After thinking about it, I did end up remembering what the note was about. One day I had gone outside to intentionally document the season I was in—spring—so I could write about it when it was, say, winter, and still get the details right. The lawn was wet and mushy. As it thawed, little air bubbles worked their way to the surface. If you stood quietly, you could hear them popping.
Wow, right? Those are the kind of details everyone says we need to put in your writing. You know, engaged the five senses, use setting as a character, keep it fresh.
I am pretty proud of past-me for noticing the lawn-bubble thing. I am a little shamed with future, current-me, because when I am wracking my brain for descriptive material, I tend to think of either A) Stuff I have seen in movies, B) Stuff I’ve read in other books, or C) Stuff I’ve already written. And then I try to make that fresh.

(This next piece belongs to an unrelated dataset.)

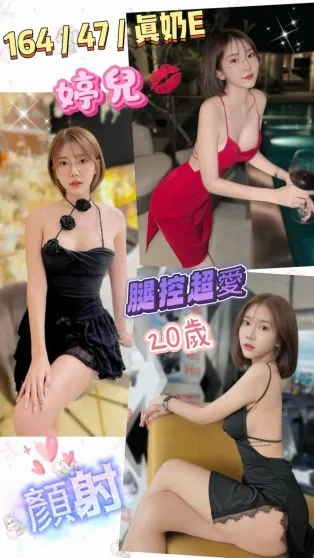 彰化定點茶-婷兒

I do remember as a newish writer being very diligent about carrying a notebook with me, jotting down useless stuff I saw. But nowadays I rarely go out intending to research. If I’m writing a scene in a grocery store, I will write about it from memory. From whatever material I have in my creative well. You know what I mean? I’m not hopping in my car for the nearest grocery store unless it’s crucial that I know the exact way a checkout aisle works, or something. I’m guessing this is pretty much how we all handle it.
And I’ll be honest: I don’t advocate elitist kind of research. It’s great as an exercise, but it’s not something (most) people (ahem) can sustain long-term.
Bottom line: if we’re not intentionally going off to observe, then we need to be intentional about observing. Right? I mean, writers are different in that everything we do is research. If we want to make our writing convincing, those little details matter. But two people can go on the same walk, be in the same room, have the same experience, and not notice the same things. We need to make a point of noticing.
I say this partly to myself, out of conviction. I realized that I’m not as intentionally observant as I used to be, and that also, I often rely too heavily on movies and TV because I liked the way they interpreted things.
But secondly, I say this because it’s an easy thing to forget. That intentionality. Being a writer is great, and it comes with a lot of gorgeous communities—the blogosphere, the writing forums, retreats, conferences, tours, the coffeehouse and Panera breads, the writing groups and critique groups and programs—all these people. And we all share our inspiration, sparking someone else, who inspires someone after them. Ideas can get kind of over-processed as a result. The element of real goes missing.
So, sometimes it’s important to remember that our job isn’t just making stuff up, but capturing what’s real, and putting it in a way readers might never have themselves, but that rings true anyway.
Being “intentional” is such an individual thing, that I’m curious: how do you guys go about being intentional about observing? Do you carry notebooks? Or are you not that intentional, just generally try to be observant as you can? What do you think about the whole thing?
(And I’m really curious: has anyone else ever heard their lawns pop? Ever?)